You can verify that you successfully created your collection in Solr by going to Hue, and clicking Search in the top menu

Then click on Indexes from the top right to see all of the indexes/collections.

Now you can see the collection that we just created, live_logs, click on it.

You are now viewing the fields that we defined in our schema.xml file.

Now that you have verified that your search collection/index was created successfully, we can start putting data into it using Flume and Morphlines. Flume is a tool for ingesting streams of data into your cluster from sources such as log files, network streams, and more. Morphlines is a Java library for doing ETL on-the-fly, and it's an excellent companion to Flume. It allows you to define a chain of tasks like reading records, parsing and formatting individual fields, and deciding where to send them, etc. We've defined a morphline that reads records from Flume, breaks them into the fields we want to search on, and loads them into Solr (You can read more about Morphlines here). This example Morphline is defined at /opt/examples/flume/conf/morphline.conf, and we're going to use it to index our records in real-time as they're created and ingested by Flume.
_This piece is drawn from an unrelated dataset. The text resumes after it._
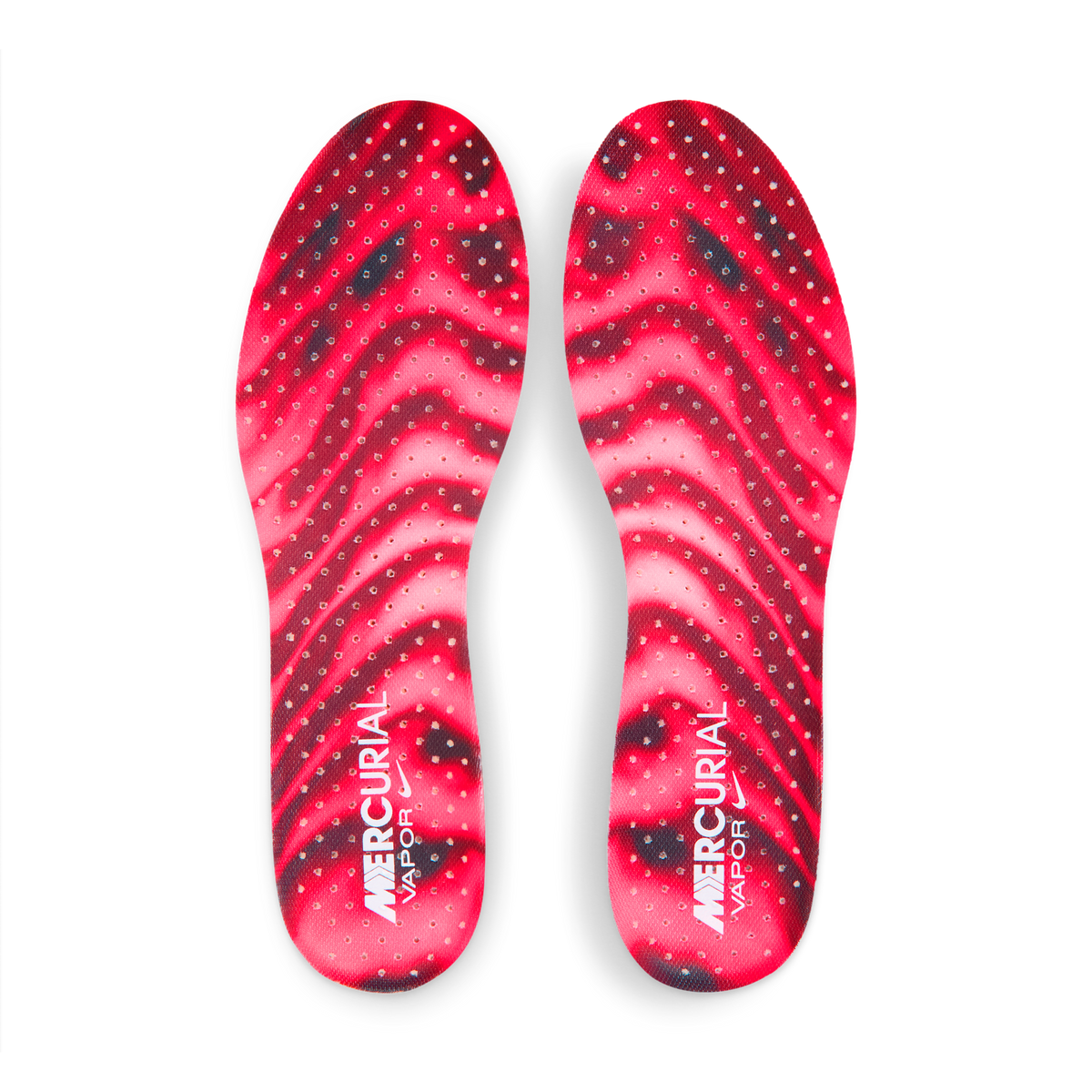 Nike Zoom Mercurial Superfly 11 Elite FG Breakout Pack | IO8219-900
Apache Flume and the Morphline

Now that we have an empty Solr index, and live log events coming in to our fake access.log, we can use Flume and morphlines to load the index with the real-time log data.

The key player in this tutorial is Flume. Flume is a system for collecting, aggregating, and moving large amounts of log data from many different sources to a centralized data source.
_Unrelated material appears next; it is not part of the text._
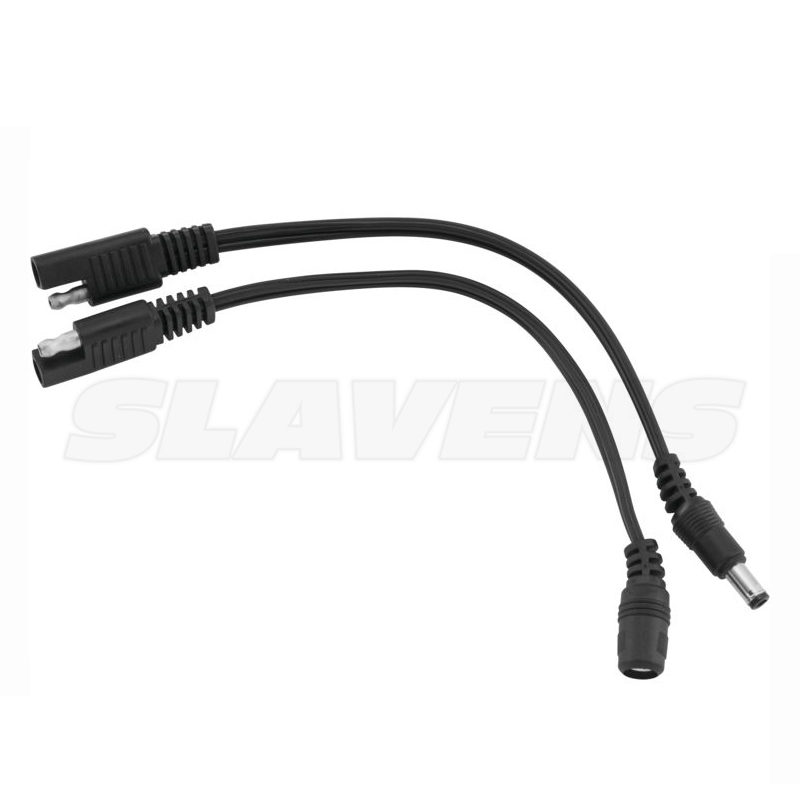 Cable Adapter Set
With a few simple configuration files, we can use Flume and a morphline (a simple way to accomplish on-the-fly ETL,) to load our data into our Solr index.

(Note: You can use Flume to load many other types of data stores; Solr is just the example we are using for this tutorial.)

Start the Flume agent by executing the following command:

> flume-ng agent \
    --conf /opt/examples/flume/conf \
    --conf-file /opt/examples/flume/conf/flume.conf \
    --name agent1 \
    -Dflume.root.logger=DEBUG,INFO,console

This will start running the Flume agent in the foreground. Once it has started, and is processing records, you should see something like:

Now you can go back to the Hue UI, and click 'Search' from the collection's page:

You will be able to search, drill down into, and browse the events that have been indexed.

If one of these steps fails, please reach out to the Discussion Forum and get help. Otherwise, you can start exploring the log data and understand what is going on.

For our story's sake, we pretend that you started indexing data the same time as you started ingesting it (via Flume) to the platform, so that when your manager escalated the issue, you could immediately drill down into data from the last three days and explore what happened. For example, perhaps you noted a lot of DDOS events and could take the right measures to preempt the attack. Problem solved! Management is fantastically happy with your recent contributions, which of course leads to a great bonus or something similar. :D

Conclusion:

Now you have learned how to use Cloudera Search to allow exploration of data in real time, using Flume and Solr and Morphlines. Further, you now understand how you can serve multiple use cases over the same data - as well as from previous steps: serve multiple data sets to provide bigger insights. The flexibility and multi-workload capability of a Hadoop-based Enterprise Data Hub are some of the core elements that have made Hadoop valuable to organizations world wide.